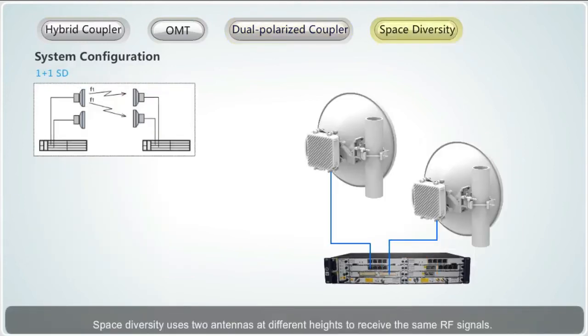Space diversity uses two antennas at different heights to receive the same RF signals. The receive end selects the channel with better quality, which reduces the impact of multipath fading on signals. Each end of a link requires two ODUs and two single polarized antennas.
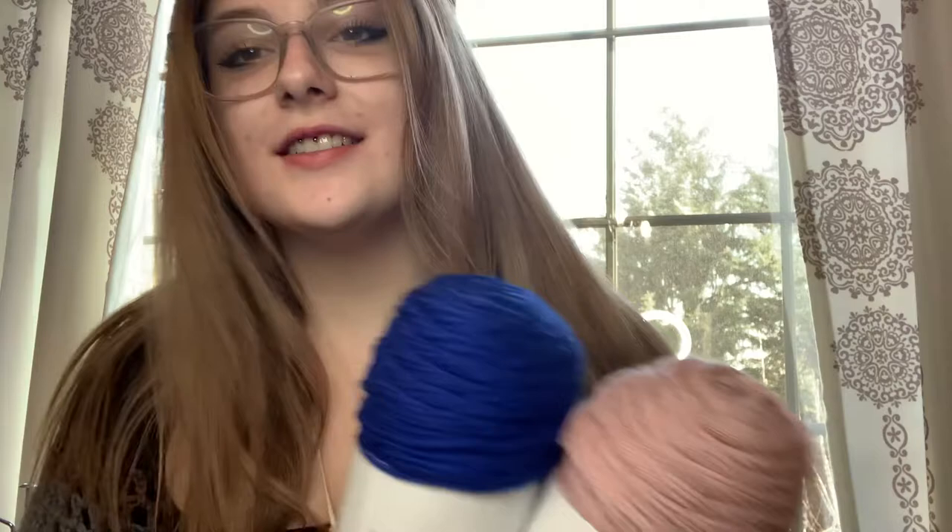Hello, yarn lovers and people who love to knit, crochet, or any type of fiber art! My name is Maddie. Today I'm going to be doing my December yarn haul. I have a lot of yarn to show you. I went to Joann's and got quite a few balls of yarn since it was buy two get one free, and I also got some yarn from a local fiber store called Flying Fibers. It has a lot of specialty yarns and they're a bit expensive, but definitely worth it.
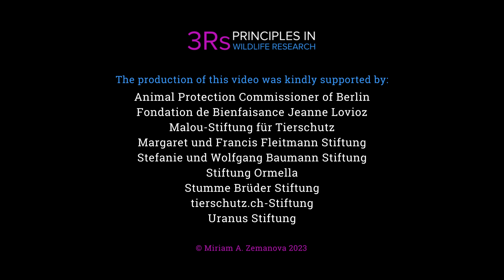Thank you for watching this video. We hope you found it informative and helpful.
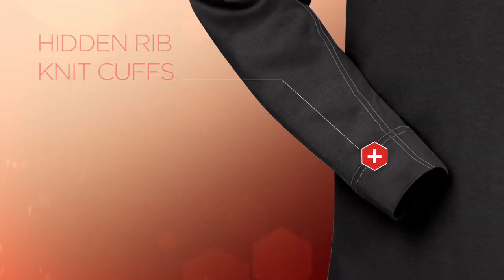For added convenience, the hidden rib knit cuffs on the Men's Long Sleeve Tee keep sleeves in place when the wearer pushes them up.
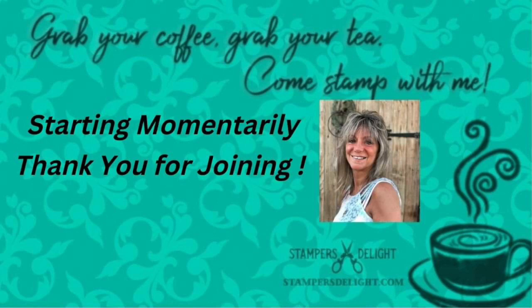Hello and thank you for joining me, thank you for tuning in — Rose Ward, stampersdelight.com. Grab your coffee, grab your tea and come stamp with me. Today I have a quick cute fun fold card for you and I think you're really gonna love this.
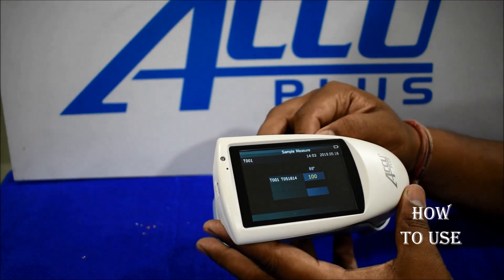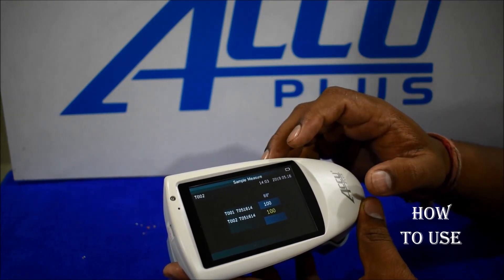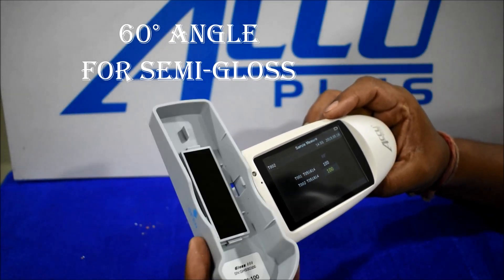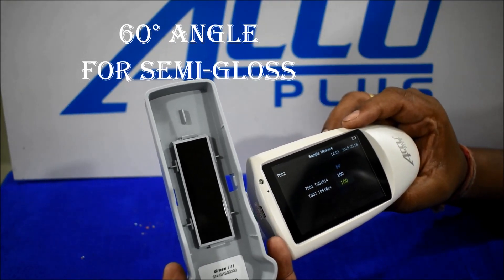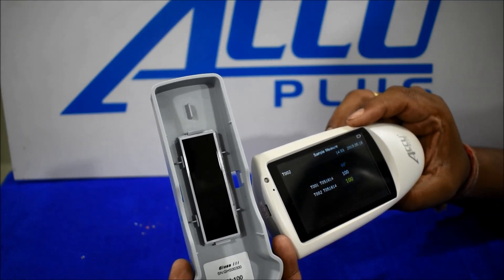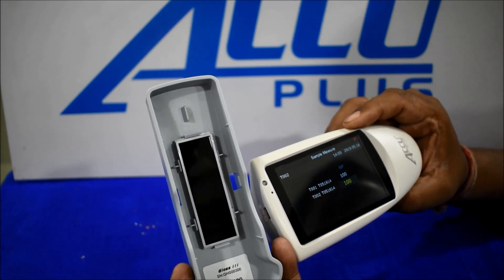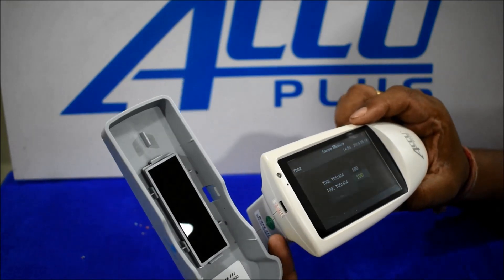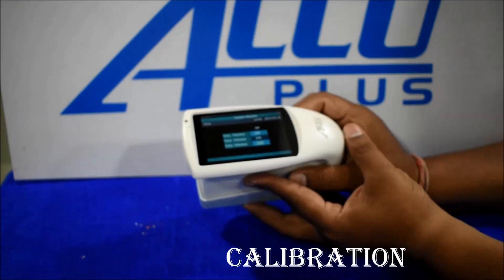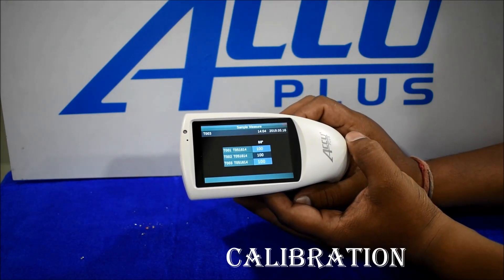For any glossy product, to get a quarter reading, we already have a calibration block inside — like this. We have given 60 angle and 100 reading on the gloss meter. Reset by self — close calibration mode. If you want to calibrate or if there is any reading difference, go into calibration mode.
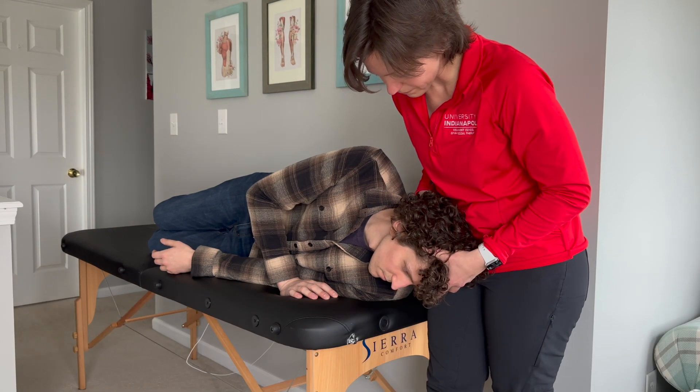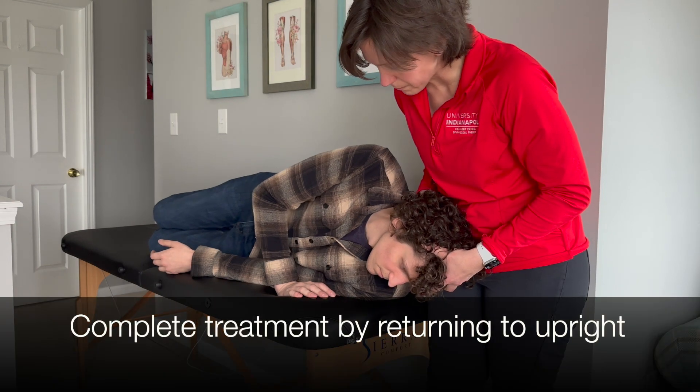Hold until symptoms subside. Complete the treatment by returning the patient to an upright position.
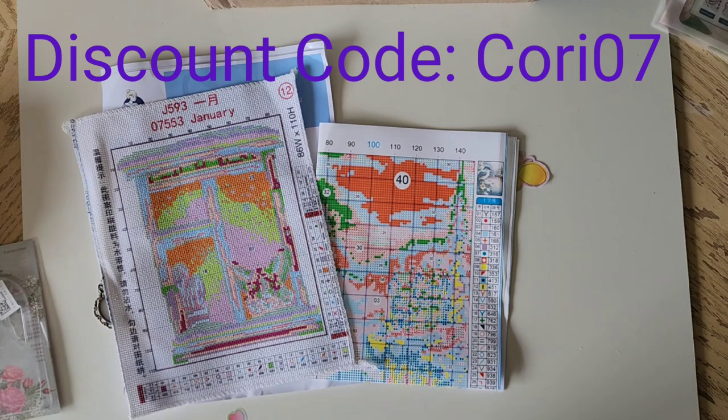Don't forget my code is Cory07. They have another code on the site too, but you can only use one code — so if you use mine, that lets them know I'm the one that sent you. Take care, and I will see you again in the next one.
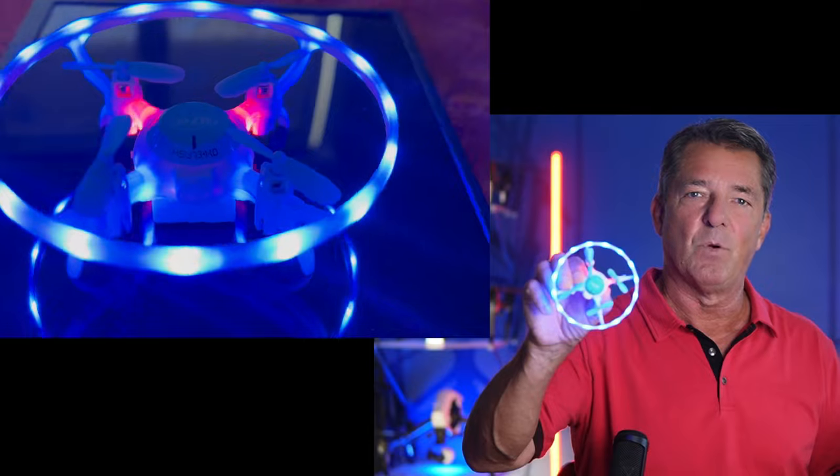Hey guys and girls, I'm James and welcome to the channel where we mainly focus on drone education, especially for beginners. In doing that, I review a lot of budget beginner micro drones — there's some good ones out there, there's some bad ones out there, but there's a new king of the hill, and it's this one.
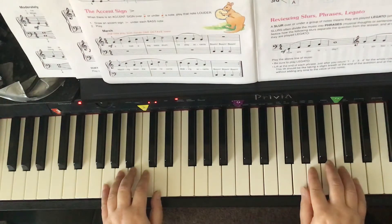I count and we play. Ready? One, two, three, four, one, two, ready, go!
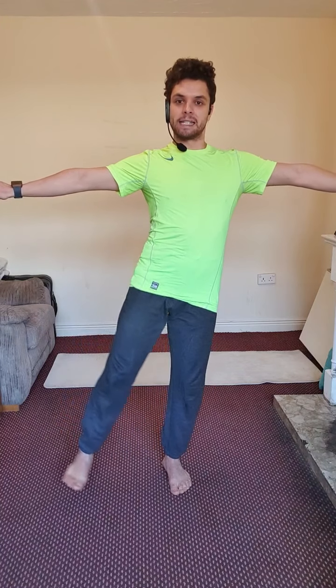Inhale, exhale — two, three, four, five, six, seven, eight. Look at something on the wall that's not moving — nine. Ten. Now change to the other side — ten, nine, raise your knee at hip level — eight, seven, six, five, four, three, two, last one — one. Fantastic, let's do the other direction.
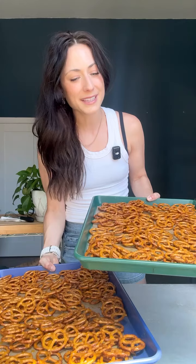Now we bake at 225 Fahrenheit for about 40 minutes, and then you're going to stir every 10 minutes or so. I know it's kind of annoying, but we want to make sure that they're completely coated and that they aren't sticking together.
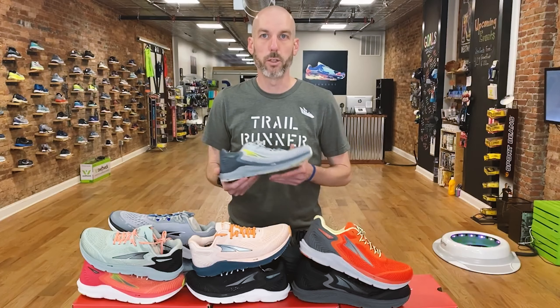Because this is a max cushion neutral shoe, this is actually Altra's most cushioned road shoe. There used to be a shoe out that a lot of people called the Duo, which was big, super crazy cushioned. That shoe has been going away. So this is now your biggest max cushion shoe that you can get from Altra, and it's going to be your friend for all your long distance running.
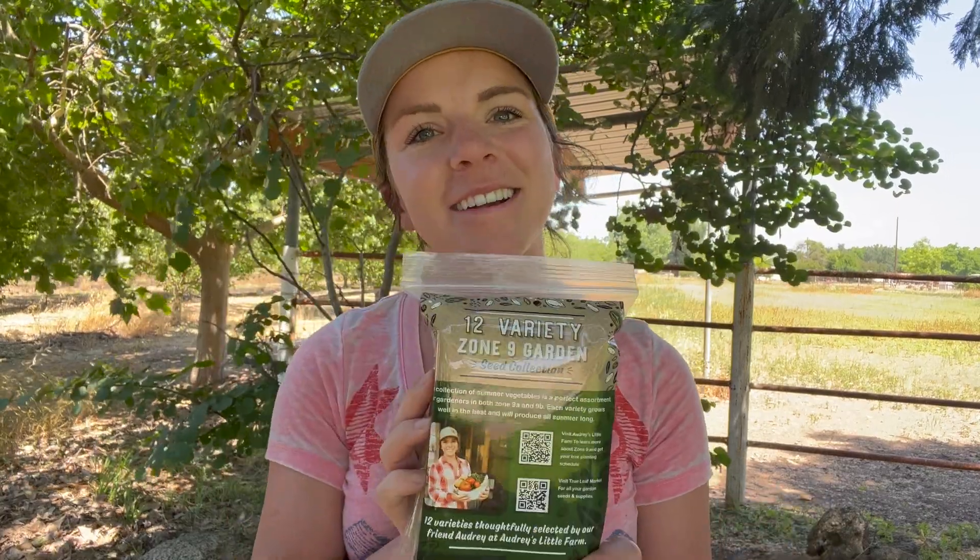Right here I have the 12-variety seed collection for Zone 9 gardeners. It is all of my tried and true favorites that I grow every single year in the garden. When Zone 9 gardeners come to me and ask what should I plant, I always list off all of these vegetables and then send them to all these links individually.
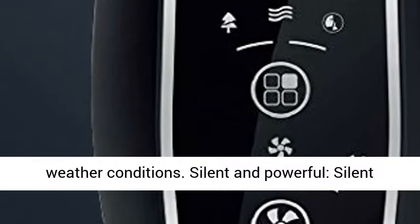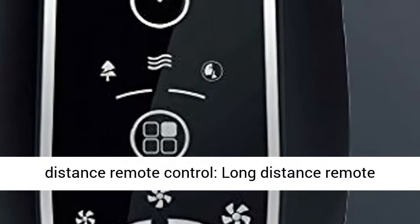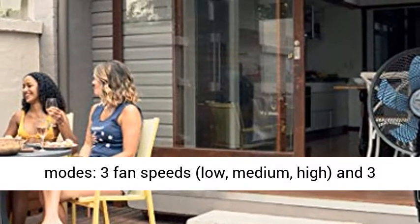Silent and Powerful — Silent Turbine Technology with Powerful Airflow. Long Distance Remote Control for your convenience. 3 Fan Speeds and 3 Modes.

--

[Work required] The reply should hold exactly the lines above, starting at the line with "I count and" and ending at the line with "Inhale, exhale —", and no pictures.

[Response to this task]
I count and we play. Ready? One, two, three, four, one, two, ready, go!
Inhale, exhale — two, three, four, five, six, seven, eight. Look at something on the wall that's not moving — nine. Ten. Now change to the other side — ten, nine, raise your knee at hip level — eight, seven, six, five, four, three, two, last one — one. Fantastic, let's do the other direction.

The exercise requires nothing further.